I have noticed that if I start with a cold barrel and run the first 30 rounds through in 30-40 seconds, the barrel gets to be hot, but I could hold it with a leather glove and no hand guard. If I blast through 100 rounds or so at that speed, then the handguards become necessary. After 200 or so, I don't want a bare hand anywhere over the top of the hand guard as the heat risint up an out gets very uncomfortable.
I don't know of any home defense situations where a person has blasted through and entire mag, reloaded, and kept fighting. Cops and bad guys fighting the cops may do this once in a while, but generally speaking, if you get to the point where you need a mag change, the fight is already over.
By the way, don't confuse shooting in semi-auto as being somehow limiting to heating up your gun. Granted, it isn't as fast as full auto, but a buddy of mine (and I am sure many people can do this) can empty a 30 round mag in 8-10 seconds while firing semi-auto. At that rate, the barrel heats up quick.

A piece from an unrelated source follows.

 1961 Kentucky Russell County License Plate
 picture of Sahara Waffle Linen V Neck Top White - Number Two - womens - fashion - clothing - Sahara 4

308wood is right. If you took the carbine course at TR and don't know if you need heavier duty handguards or not, then something isn't right. Either you missed some key points of instruction or you have not spent any significant amount of range time outside of TR practicing what you learned. From the sounds of it, you may or may not need fat handguards, but what you DO need is to spend a lot more time firing your shorty so that you can make an informed decision on what safety-related parts you wish to keep or change.